Para Naime Barbosa, da SBI, ainda não há comprovação de que essas novas sublinhagens de fato tenham capacidade de provocar aumentos significativos. Ele atribui o crescimento observado nos países europeus ao frio, por exemplo, o que poderia ser replicado para a situação do Brasil que tem cidades vivendo temperaturas mais amenas.
— Até agora nenhuma variante parece um perigo tão grande como foi o surgimento da primeira versão da Ômicron em dezembro do ano passado, ou pior ainda com o surgimento da Gama no final de 2020. O aumento do número de casos que houve na Europa é por causa do frio, as pessoas ficam mais aglomeradas. Algumas dessas subvariantes novas são de fato mais transmissíveis, mas isso não quer dizer que, com uma população altamente vacinada, leve a um aumento significativo na hospitalização e óbito — diz o infectologista.
Bianca Cata Preta, mestre em epidemiologia e pesquisadora do Centro Internacional de Equidade em Saúde da Universidade Federal de Pelotas (UFPel), destaca ainda que a tendência com novas mutações do vírus é que ele se torne mais brando, e não o contrário.
— Pensando na evolução do vírus, é muito possível que ele sofra mutações para uma forma que não seja mais letal, até por uma estratégia de sobrevivência dele próprio, para não morrer junto com o hospedeiro. Então, embora possível, é pouco provável que surja uma variante que nos coloque de volta ao cenário de 2020 e 2021 — diz a especialista.
Futuro da pandemia
“Ainda estamos trabalhando muito nisso, mas a pandemia acabou”, declarou o presidente dos Estados Unidos, Joe Biden, no final de setembro. A fala foi seguida por opiniões divididas: enquanto parte concorda com a perspectiva do fim da crise sanitária, especialistas recebiam com cautela.
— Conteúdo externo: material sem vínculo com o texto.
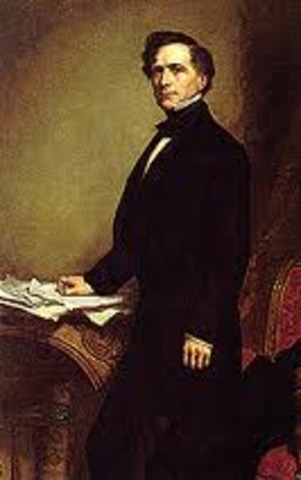 Franklin pierce elected President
— Declarar o fim da pandemia é uma prerrogativa apenas da OMS, e por enquanto ela considera que continua sendo uma emergência global, embora se vislumbre no horizonte uma expectativa de que chegue ao fim — lembra Bianca Cata Preta.
Em reunião no final de outubro, a organização manteve o novo coronavírus como emergência internacional de saúde. “Embora seja óbvio que a situação global tenha melhorado desde que a pandemia começou, o vírus continua a sofrer mutações e a incerteza e muitos riscos permanecem”, disse na época o diretor-geral da organização, Tedros Adhanom Ghebreyesus.
Além da vacinação, os especialistas ouvidos pelo GLOBO destacam que é necessário ampliar o acesso aos antivírais disponíveis hoje para reduzir ainda mais as internações e óbitos do grupo de risco e chegar mais perto do fim da emergência sanitária. É o caso do Paxlovid, medicamento produzido pela farmacêutica Pfizer que reduziu em mais de 80% o risco de hospitalização nos estudos clínicos.
No Brasil, ele foi incorporado ao Sistema Único de Saúde (SUS) há meses, porém apenas recentemente o país recebeu a primeira remessa com 50 mil unidades do medicamento. Para o vice-presidente da Abrasco, o acesso ainda é muito limitado.
— Os medicamentos praticamente não estão disponíveis. Embora do ponto de vista formal o ministério tenha incorporado, os serviços de saúde não conseguem acesso para tratar as pessoas com maior risco, o que ajudaria a reduzir as internações e óbitos. Não parece ser uma prioridade do governo brasileiro, e tinha que ser uma emergência, não tratada como rotina — diz o epidemiologista
Em nota, o Ministério da Saúde afirmou que há mais 50 mil unidades do antiviral encomendadas que estão previstas para serem entregues no início de 2023, de acordo com a previsão da Pfizer.